The story is quite good. It uses elements from more than one of video games the film is based on. There are a few things I disliked. In the games, Callum and the animus existed in the future, but the movie inexplicably sets that part of the story in the present. There are a number of other annoyances. For example, the other assassins don’t bother to warn Callum that their captors are Templars, yet they have every opportunity to.
My biggest issue with the film is the cinematography and the direction. Every time Callum enters the animus, there is a long birds eye view panoramic shot of the scene, often showing details that Callum’s ancestor Aguilar would not be aware of. The first such transition was fine, but subsequent transitions could have moved to Aguilar’s point of view much more quickly.
The flash backs to Aguilar’s life are the best parts of the film, but you are constantly pulled out of them by inter-cut shots of Callum in the animus. For some reason, instead of Callum being unconscious while he is being regressed, he is in a harness and is actually moving around, doing everything Aguilar does in the memory Callum is experiencing. The effects wasted on the Animus could have been better put to use to create a realistic future setting.

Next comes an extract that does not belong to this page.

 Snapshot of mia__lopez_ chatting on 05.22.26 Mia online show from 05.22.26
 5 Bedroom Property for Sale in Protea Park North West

It’s too bad that there is so much to dislike about this film, because there are things I really like about it. The premise, that the assassins and their ally, the Sultan, are not evil but are the defenders of free will, whereas the Templars are authoritarians and evil, is an inversion of the historical narrative, where the crusaders were good Christians fighting against the evil Muslim caliphate. While this may make little sense historically, I like the fact that those who want freedom are the good guys and the authoritarians are evil.